As with the two other cases, the government is rejecting FFRF’s allegations and denies that the IRS has any such policy or practice of non-enforcement.

Those interested in the campaign prohibition issue will want to keep a close eye on this case, especially for any facts that might be uncovered in discovery regarding the IRS’s record of enforcement in this difficult area of the law.

National Commission Provides Input on Church and Clergy Tax Issues

At the request of Senator Charles Grassley in 2011, ECFA formed the Commission on Accountability and Policy for Religious Organizations (ReligiousPolicyCommission.org) to provide input on major tax policy issues affecting religious organizations, including the clergy housing allowance, church accountability and donor engagement, and the political campaign prohibition.

The Commission’s first report released in December 2012 provides well-reasoned analysis from leaders across the religious and broader nonprofit sector supporting the existing provisions of Section 107 concerning the clergy housing exclusion. The Commission also recommended that, while churches should be appropriately accountable to their members, congregants, and financial supporters, churches should not be required to file Form 990 or any similar information return or form with the federal government. Doing so would not only place a substantial and unnecessary burden on churches and the government but would also raise significant constitutional concerns.

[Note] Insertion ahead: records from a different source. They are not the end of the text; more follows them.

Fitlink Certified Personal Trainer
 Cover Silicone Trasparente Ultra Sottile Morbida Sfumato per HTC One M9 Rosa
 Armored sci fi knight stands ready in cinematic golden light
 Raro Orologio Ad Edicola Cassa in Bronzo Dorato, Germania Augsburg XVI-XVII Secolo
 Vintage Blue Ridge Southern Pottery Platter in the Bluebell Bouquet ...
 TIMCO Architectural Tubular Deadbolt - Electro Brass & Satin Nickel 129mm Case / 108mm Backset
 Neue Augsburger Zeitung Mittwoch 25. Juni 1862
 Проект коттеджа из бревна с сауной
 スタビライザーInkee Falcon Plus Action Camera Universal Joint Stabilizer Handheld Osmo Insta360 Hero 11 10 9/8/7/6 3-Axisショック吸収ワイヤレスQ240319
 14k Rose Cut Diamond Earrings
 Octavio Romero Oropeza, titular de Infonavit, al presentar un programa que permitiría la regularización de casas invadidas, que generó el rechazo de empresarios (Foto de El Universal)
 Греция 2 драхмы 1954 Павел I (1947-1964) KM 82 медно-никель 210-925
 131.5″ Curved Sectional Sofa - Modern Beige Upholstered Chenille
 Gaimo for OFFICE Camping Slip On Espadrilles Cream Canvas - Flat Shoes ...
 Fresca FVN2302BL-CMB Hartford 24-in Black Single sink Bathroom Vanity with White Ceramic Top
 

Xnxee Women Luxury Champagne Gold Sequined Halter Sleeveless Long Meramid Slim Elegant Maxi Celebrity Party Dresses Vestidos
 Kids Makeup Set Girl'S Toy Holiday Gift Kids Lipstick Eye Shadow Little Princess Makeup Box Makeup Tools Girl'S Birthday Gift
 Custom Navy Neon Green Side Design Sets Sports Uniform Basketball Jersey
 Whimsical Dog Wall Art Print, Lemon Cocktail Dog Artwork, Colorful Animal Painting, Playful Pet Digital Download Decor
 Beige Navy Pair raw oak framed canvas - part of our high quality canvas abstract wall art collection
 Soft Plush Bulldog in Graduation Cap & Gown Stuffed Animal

A final report released by the Commission in August 2013 was dedicated exclusively to the question of government regulation of political speech by religious and other 501(c)(3) organizations. With an extraordinarily high degree of agreement from those participating, the Commission proposed new solutions to Congress and the Treasury Department that would eliminate much of the existing controversy over the campaign prohibition including the issues recently litigated by FFRF surrounding non-enforcement.

Conclusion

What are the implications of these court challenges for churches and clergy? It’s too early to tell.

For one thing, litigation of this nature can drag on for years. Additionally, legal observers have expressed serious doubts as to FFRF’s chances of prevailing in federal court on these issues. Even if FFRF is successful in obtaining a favorable district court decision in one or more of these cases, a government appeal to a higher court would be almost inevitable given the unprecedented nature of these challenges.

In my observation, the most salient point for church leaders to understand from these suits is that we are now witnessing the fruits of living in an increasingly irreligious society. Any provisions in the law that touch on religion, such as the clergy housing exclusion or church reporting exemptions, are more likely to be challenged as the perceived value of religious belief and conduct in our nation continues to decline.

But let us not be discouraged (Galatians 6:9). While it is important to be aware of our surroundings, we must move ahead knowing the final outcome promised to us in Scripture. We cannot allow these or other challenges to detract us from living in integrity before God and our fellow man as we faithfully fulfill our calling to the Great Commission.

Dan Busby is president of ECFA (Evangelical Council for Financial Accountability), an accreditation organization that sets standards for governance, financial management, and fundraising/stewardship for churches and other nonprofits across the country.